Norwegian educator, cultural worker and politician

Kathrine Susanne Bugge, née Hanssen (30 May 1877 – 10 June 1951) was a Norwegian educator, cultural worker and politician for the Communist Party.

She was born in Bodø as a daughter of tailor, editor and missionary Jakob Andreas Hanssen and his wife Mathilde Dahl. She attended middle school, and at age 16 she worked as a governess. She then attended Tromsæ Teachers' Seminary and graduated there in 1897. She was hired as a middle school teacher in Vardø in 1899. Here she met Thorolf Bugge (1879–1935), whom she married in December 1902. The two became a part of the radical and revolutionary milieu in the city, located close to the Russian border.

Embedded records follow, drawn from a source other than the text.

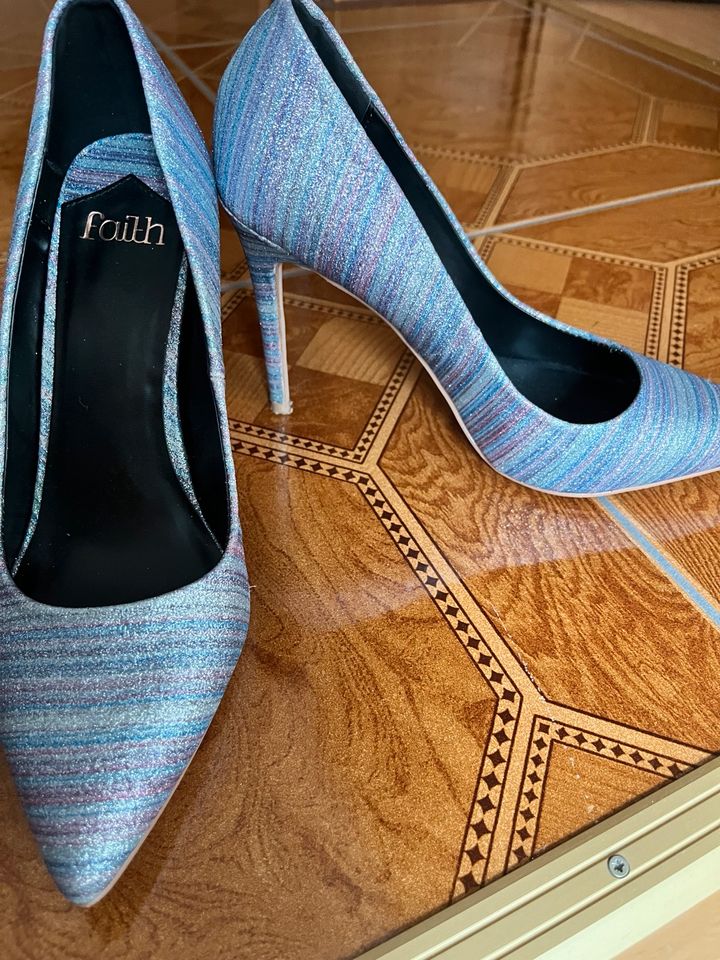 Pumps von  Faith in Mengkofen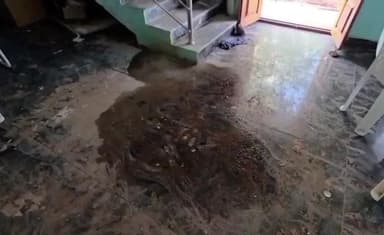 కోడూరు: నూతన సచివాలయంలో - వర్షపు నీరు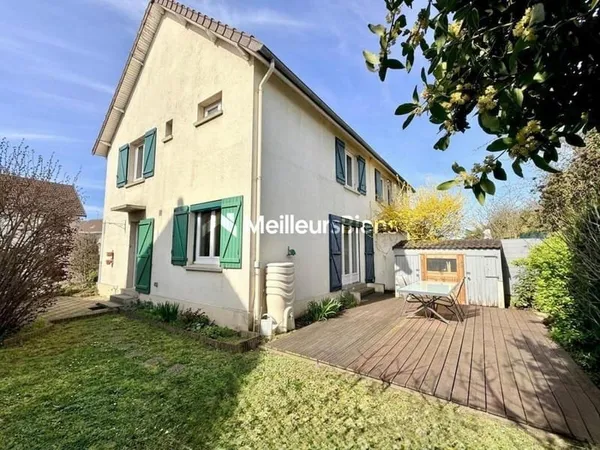 MAISON FAMILIALE - QUARTIER LYCÉE ÎLE-DE-FRANCE 115 m² Carrez | Terrain de 250 m² | Sous-sol total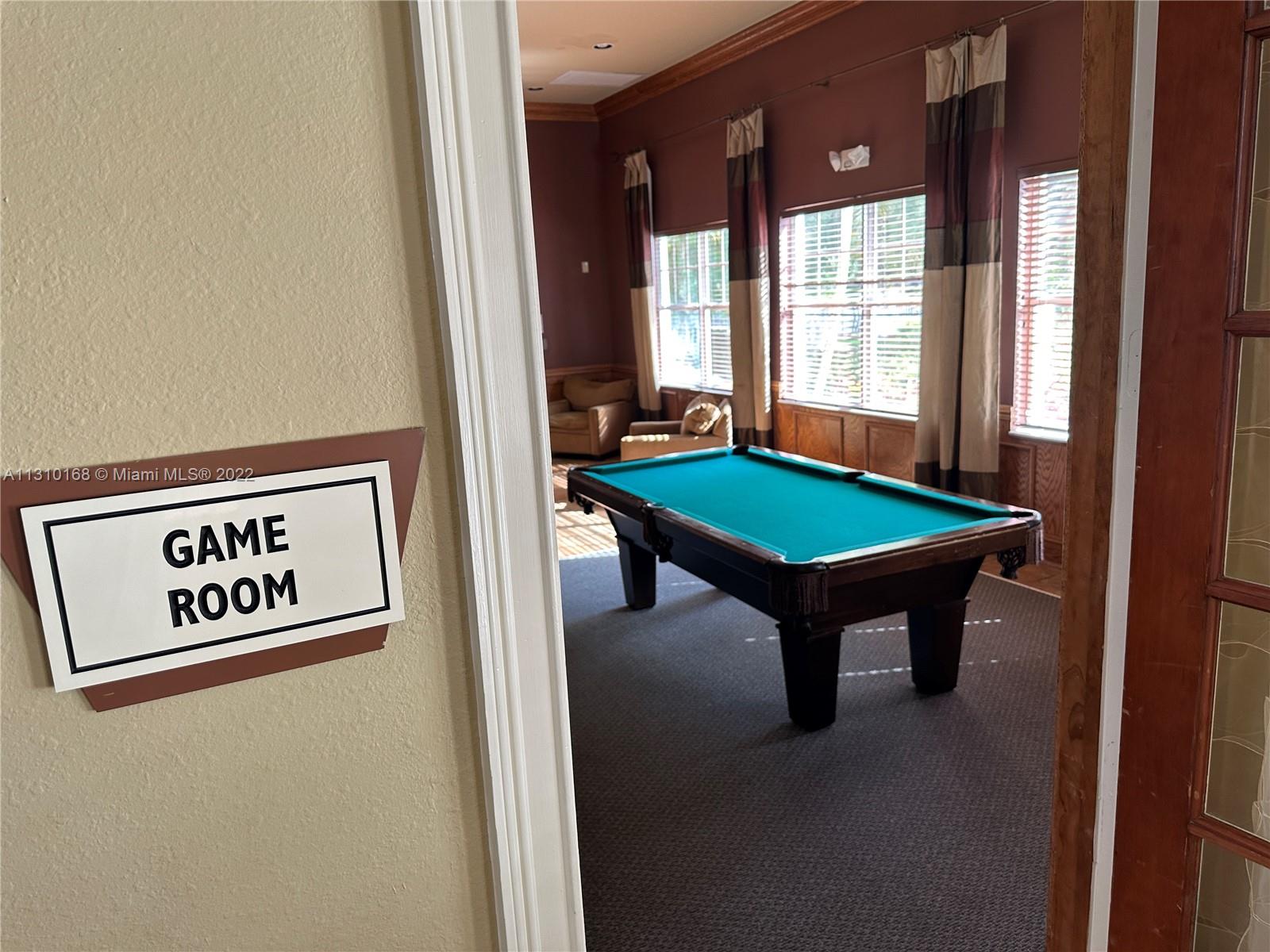 VILLAS AT EMERALD DUNES C - Residential Lease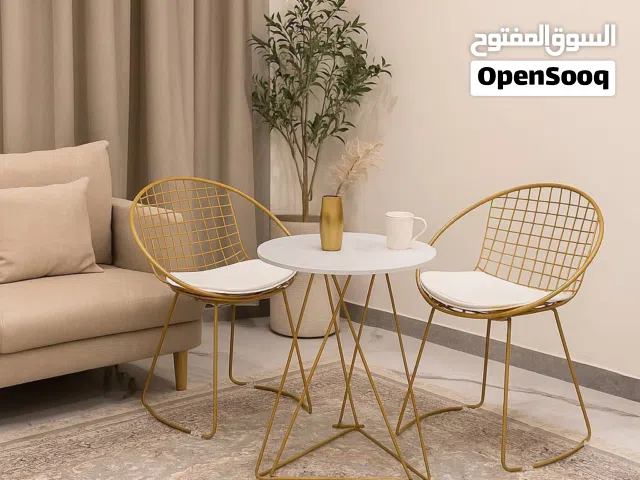 ميز استراحة بتصميم عصري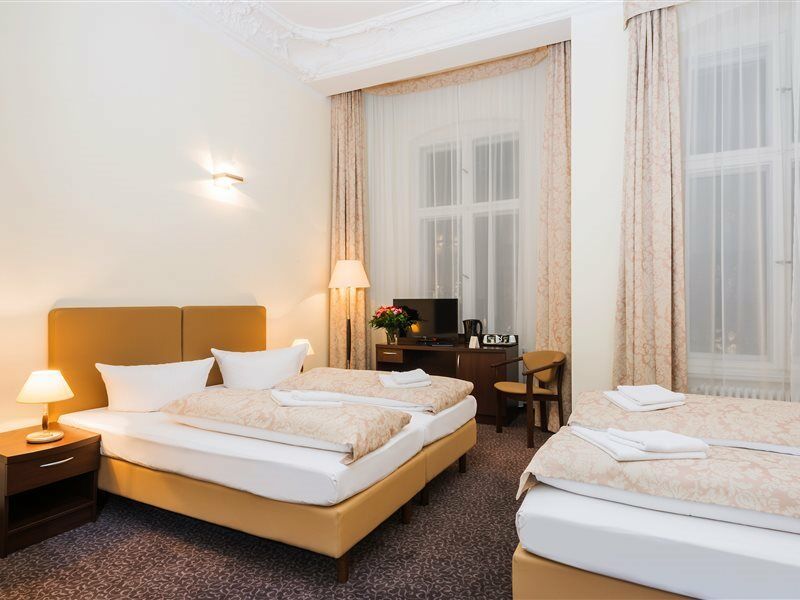 Upper Room Hotel Kurfuerstendamm Berlim Exterior foto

Kathrine fell ill in 1906, and the couple moved to a small farm in Jarfjord in Sør-Varanger Municipality. Her husband worked at the farm and in the company Sydvaranger. Kathrine was an active cultural worker in the district, with literature, oratory and dance, as well as a Socialist Sunday school. In the socialist enlightenment work in Finnmark, the Bugge couple stood out together with Ellisif Wessel. Articles written by Kathrine Bugge was spread mainly through Ellisif Wessel's books Den lille kammerat, Den lille socialist and Klasse mot klasse, all released in 1914, as well as newspapers, especially Finmarken and Folkets Frihet.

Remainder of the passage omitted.